Тогда Братолюбов сумел как-то доняться до княгини Брасовой, морганатической супруги вкн Михаила Алексанлровича, брата императора, а через нее - до самого вел. князя Михаила Ал-овича - и рассказал ему про скорбную долю изобретателя-патриота, которому не дают хода рутинеры, чинуши и коррупционеры из ведомств. Вкн Михаил, как видно, тоже любил сказки про спасительных Серых Волков из толщ и гущ, которым не дает пробиться к службе отечеству проклятое "средостение". Дальнейшее кратко резюмируется так: Братолюбов "втерся в доверие вел. кн. Михаила Александровича, наговорил ему про удивительные свойства его воспламеняющейся жидкости и сказал, что ему потребуется 30 миллионов рублей, чтобы осуществить снабжение армии аппаратами-огнеметами; величину этой суммы он объяснял тем, что придется делать затраты в Америке" (Ипатьев). Затраты же объяснялись тем, что исключительно на американских станках, по словам Братолюбова, можно было бы выпускать детали для его огнеметов; оные станки стоили 11 млн. долларов, что по курсу как раз и составляло 30 млн. руб., себе же бескорыстный Братолюбов не брал ничего.

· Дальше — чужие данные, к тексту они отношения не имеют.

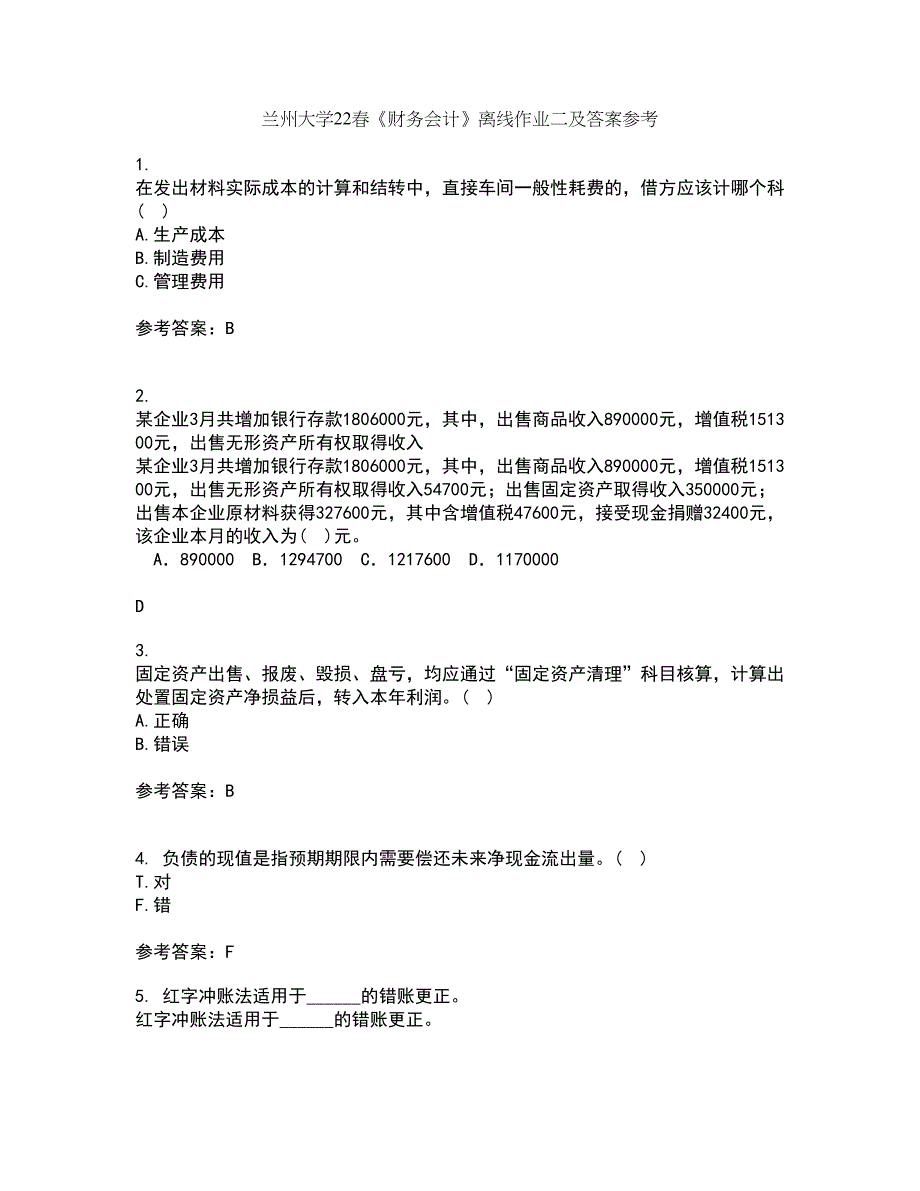 兰州大学22春《财务会计》离线作业二及答案参考18_第1页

Великий князь был всем этим настолько впечатлен, что доложил императору.
Тут опять пошла Братолюбову карта, потому что император в историю об изобретателе от земли и средостении поверил сразу. Он не стал запрашивать Особое совещание, почему оно отклоняло предложение Братолюбова, не стал он и посылать его в Особое совещание на экспертизу. Он просто велел брату взять весь проект под покровительство и выдал на имя брата рексрипт, которым разрешил Братолюбову (под контролем Михаила Ал-ровича) брать из банка на свой проект деньги по мере надобности. Братолюбов по этому рексрипту получил в одном из банков 2 млн. рублей. Однако предусмотрительные покровители не дали добра на закупку станков для производства огнеметов, прежде чем не будет проверена сАмая жидкость.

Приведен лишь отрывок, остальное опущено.